22 de outubro de 2008

Sambistas “aposentam a navalha” em canções trabalhistas

O compositor Wilson Batista era um assíduo freqüentador da Lapa, reduto da nata da malandragem carioca na primeira metade do século passado. Tanto que num de seus principais sucessos, Lenço no Pescoço, se cita como um típico personagem do local: De chapéu do lado / Tamanco arrastando / Lenço no Pescoço / Navalha no bolso / Eu passo gingando / Provoco e desafio / Eu tenho orgulho em ser tão vadio...

Mas, com a instituição do Estado Novo pelo presidente Getúlio Vargas, em 1937, passou a haver intensa valorização do trabalhismo. Músicas como as de Wilson eram censuradas pelo Governo ou pela própria população, que via nas letras temas que denegriam as causas nacionais.
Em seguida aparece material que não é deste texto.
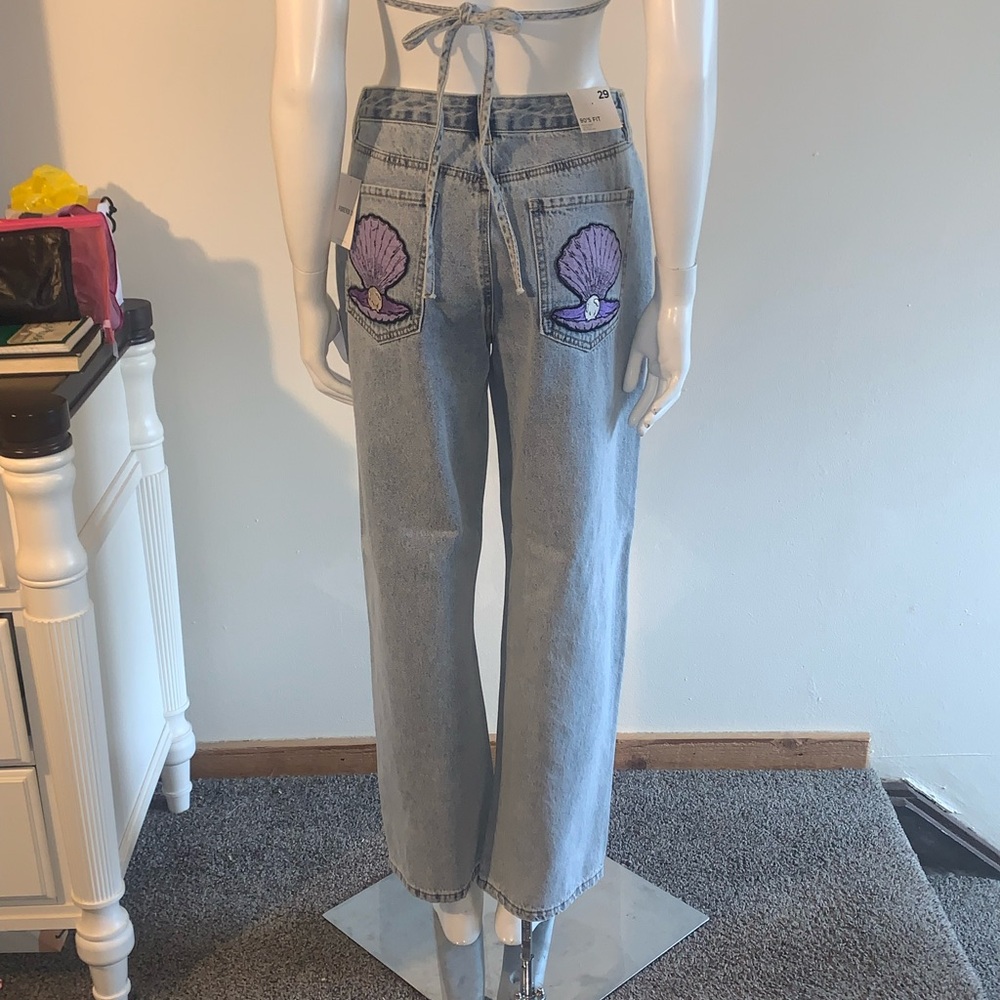 Women's Blue Jeans with Purple Shell Design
O malandro não teve dúvidas. Compôs Bonde de São Januário, um hino de exaltação ao trabalho, e ficou bem com todo mundo: Quem trabalha é quem tem razão / Eu digo e não tenho medo de errar / O Bonde São Januário / Leva mais um operário / Sou eu que vou trabalhar.

Ouça a música:



Não foi o único a lançar mão do artifício. O sambista Geraldo Pereira, outro notório malandro, compôs a bela Pedro do Pedregulho, na qual canta sobre um sujeito barra-pesada, que quebrava barracos, brigava com a polícia e só vivia do jogo. Para alívio dos trabalhistas, Pedro se regenera no fim: E ele trocou o revólver que usava, fingindo embrulho / Por uma marmita, e sobe o Pedregulho / De noite, cansado do seu batedor.

Ouça a música, cantada pelo próprio Geraldo:


3 comentários:

Anônimo disse...

Bonde São Januário era cantado nas ruas, e ficou assim, dessa forma, muito popular no carnaval, inclusive pelo próprio Batista, com a letra:

"Quem trabalha não tem razão.
Eu digo e não tenho medo de errar.
O bonde São Januário
Leva mais um sócio-otário
Hoje eu não vou trabalhar."

Isso é interessante. Esse samba que você citou, o "lenço no pescoço"... o rebote de Noel, meio que atestava isso, não é? Uma vez que ele era um homem de respeito no rádio e nessa época, havia esse movimento de "desmalandramento" do samba, encabeçado pelo Almirante. Sendo o rádio, instrumento do governo na época, esse movimento era parte da campanha nacionalista do Vargas. Porém, fora isso, alguns sambistas, como o Paulo da Portela, por exemplo, pregavam a mesma coisa, mas com o discurso de melhora da imagem do sambista, perante a elite brasileira. Como uma forma do samba ser melhor aceito, desmarginalizado. Ou seja, pegou o gancho da imposição do governo para propor questões que atingiam diretamente os sambistas.
Eu falo isso, porque o próprio Paulo fez um samba em homenagem ao Prestes, com o título de "Prestes, Cavaleiro da Esperança". Isso me leva a acreditar que existia uma leva de sambistas que concientemente fazia o jogo do estado, porém colocando em xeque as suas reais razões.

Anônimo disse...

Oi, vi o seu comentário lá no blogue "das bagunças insones" e resolvi dar um clique, para conhecê-lo. Gostei bastante.Textos bem redigidos e interessantíssimos.
Voltarei.

Sra. D, disse...

"Deixa de arrastar o teu tamanco, pois tamanco nunca foi sandália..."

Opa...sala de bate papos, já me sinto em casa!

Tudo pela legalidade! Dá-lhe Getúlio?

Uma pergunta: Quando vamos estar dando uma atualizada?